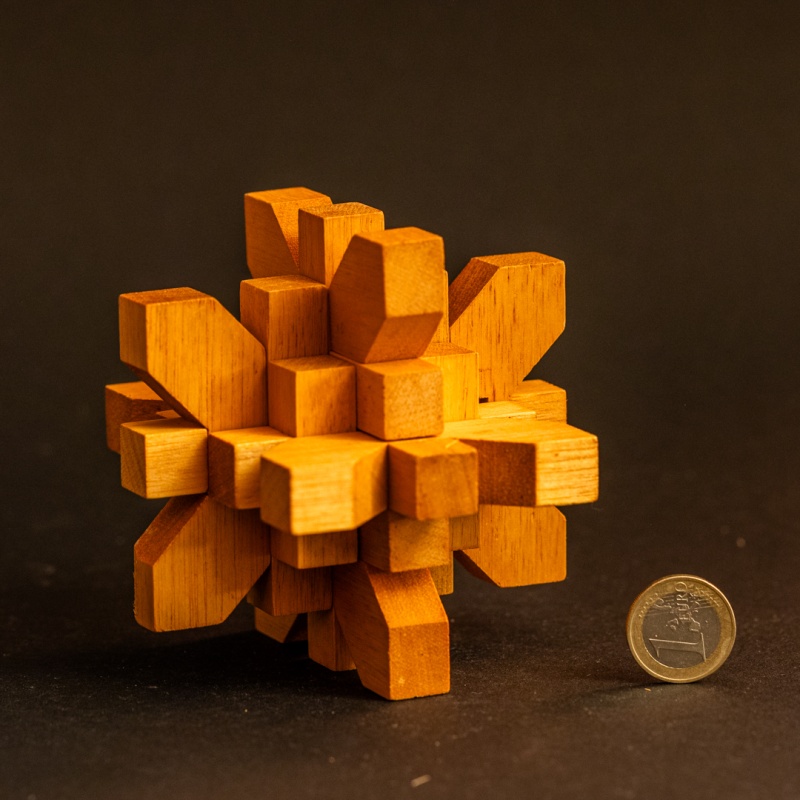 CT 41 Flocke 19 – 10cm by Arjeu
---
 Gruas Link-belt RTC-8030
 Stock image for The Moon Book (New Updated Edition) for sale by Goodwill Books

Instructions for the task => Look in the material above for the line with "Gruas Link-belt RTC-8030" and the line with "Stock image for", and transcribe exactly those lines and all lines between them, nothing more.

Solution to this problem =>
 Gruas Link-belt RTC-8030
 Stock image for The Moon Book (New Updated Edition) for sale by Goodwill Books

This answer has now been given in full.